Texts: Isaiah 6:1-8; Luke 5:1-11

Speaker: Joel Miller

There’s something compelling about call stories.  These are the experiences that move us to go on and do things we feel we must do, in service to the world. 

I learned early on that pastors are frequently asked to tell their call story.  So when did you feel called to be a pastor?  This is perhaps because, of all people, pastors are expected to know why we’re doing what we’re doing.  Or maybe it’s because most people assume nobody would actually want to be a pastor unless they’re really called.  You know, unless God made them do it. 
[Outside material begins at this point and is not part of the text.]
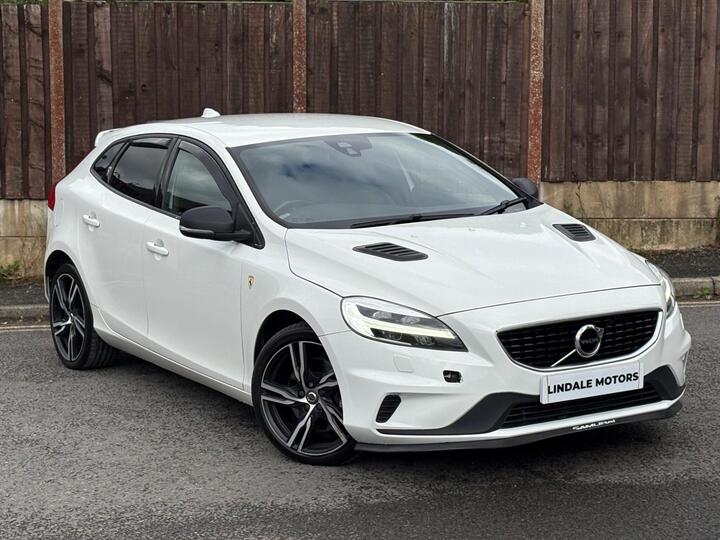 Volvo V40 2.0 D4 R-Design Pro Auto Euro 6 (s/s) 5dr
My typical answer to this question starts with the time around sixth grade when I was asked to preach a sermon at our little church. Not quite knowing what I was getting myself into, I decided to tackle the entire book of Job.  I had a growing interest in the Bible and spirituality in high school and was encouraged by people I admired to consider being a pastor.  There’s a lot more to it than that, but those were the early seeds.  It’s always meant a lot to me that calling, if we’re going to stick with that term, comes from community and not just something I decided I wanted to do.  Or maybe I’m still just trying to figure out the meaning of Job.   
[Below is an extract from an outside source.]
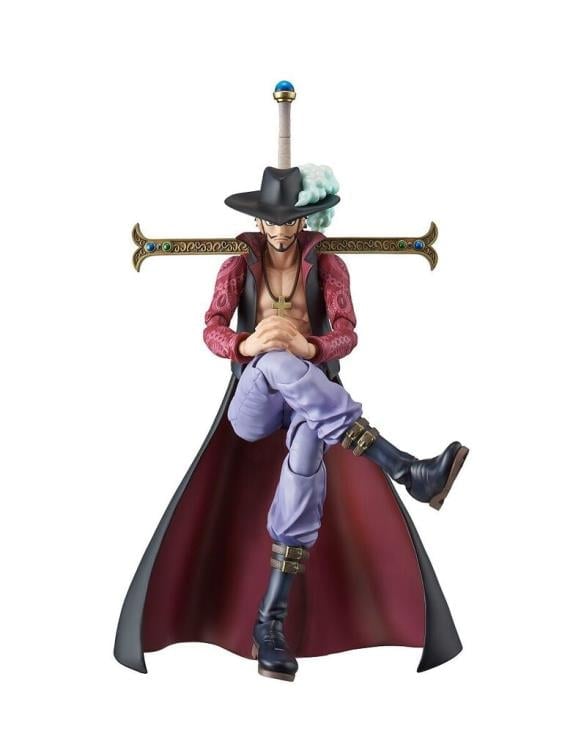 One Piece Variable Action Heroes Dracule Mihawk Gallery Image 3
With Desmond Tutu’s recent death there have been a number of replays of interviews he had given.  Terry Gross and Krista Tippet were a couple I listened to.  One story he tells that impacted him greatly as a child was the first time he met the Anglican priest Trevor Huddleston.  They were passing on the street and Huddleston, a White man, tipped his hat to Tutu’s mother, a Black woman, something that simply wasn’t done within apartheid South Africa.  It left a deep impression, and Huddleston would go on to become one of the biggest influences in Desmond Tutu’s life.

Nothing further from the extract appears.